What kind of rack did you end up getting?


----------



## BeanoNYC (Jul 29, 2008)

wa-loaf said:


> Bastards!
> 
> What kind of rack did you end up getting?



The kind that Sox fans like to steal.


----------



## bvibert (Jul 30, 2008)

Sucks that you had stuff stolen from your rack.  Some people are such a-holes! :angry:


----------



## Trekchick (Jul 30, 2008)

Great that you got out with your brothers in law.  Sux that you were ripped off.

Hope the bad vibe didn't outweigh your good ride.


----------



## severine (Jul 30, 2008)

That really sucks about the theft.   But great that you got out on your bike this week!  I'd love to be at the Cape right now....

Enjoy the rest of your vacation!


----------



## Greg (Jul 30, 2008)

Yeah, the larceny sucked, but the ride was still fun. I hope to get in one more ride this week out here. I want to try the Willow Street area in Yarmouth. Vaca is going great. Scored a sweet burn at the beach today despite SPF 15....


----------



## o3jeff (Jul 30, 2008)

Greg said:


> Scored a sweet burn at the beach today despite SPF 15....

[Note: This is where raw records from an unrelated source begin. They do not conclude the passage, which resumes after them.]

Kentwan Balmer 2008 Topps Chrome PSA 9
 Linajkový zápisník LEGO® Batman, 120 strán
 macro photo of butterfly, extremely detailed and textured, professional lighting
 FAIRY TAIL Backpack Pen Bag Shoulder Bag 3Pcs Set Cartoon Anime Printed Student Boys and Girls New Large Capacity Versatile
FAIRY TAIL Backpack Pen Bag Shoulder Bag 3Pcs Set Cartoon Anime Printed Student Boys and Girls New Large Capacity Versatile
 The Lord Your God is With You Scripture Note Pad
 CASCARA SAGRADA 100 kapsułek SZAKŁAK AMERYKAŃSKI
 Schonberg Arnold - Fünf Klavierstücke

You probably should of tripled the number being as white as you are.

Enjoy the rest of vaca and you rides exploring.


----------



## Swamp Dog (Jul 30, 2008)

head down RT 151 and check out the trails on the backside of Otis.  You'll see cars parked on the side of the road just before the on ramp to RT 28, that's where you pick up the trail.  It's a better ride than Yarmouth.  I hear Nickerson is ok too.

check out the message board on www.capecodcyclist.com and find someone who knows the area to ride with.  It's a good group and they have some decent rides.


----------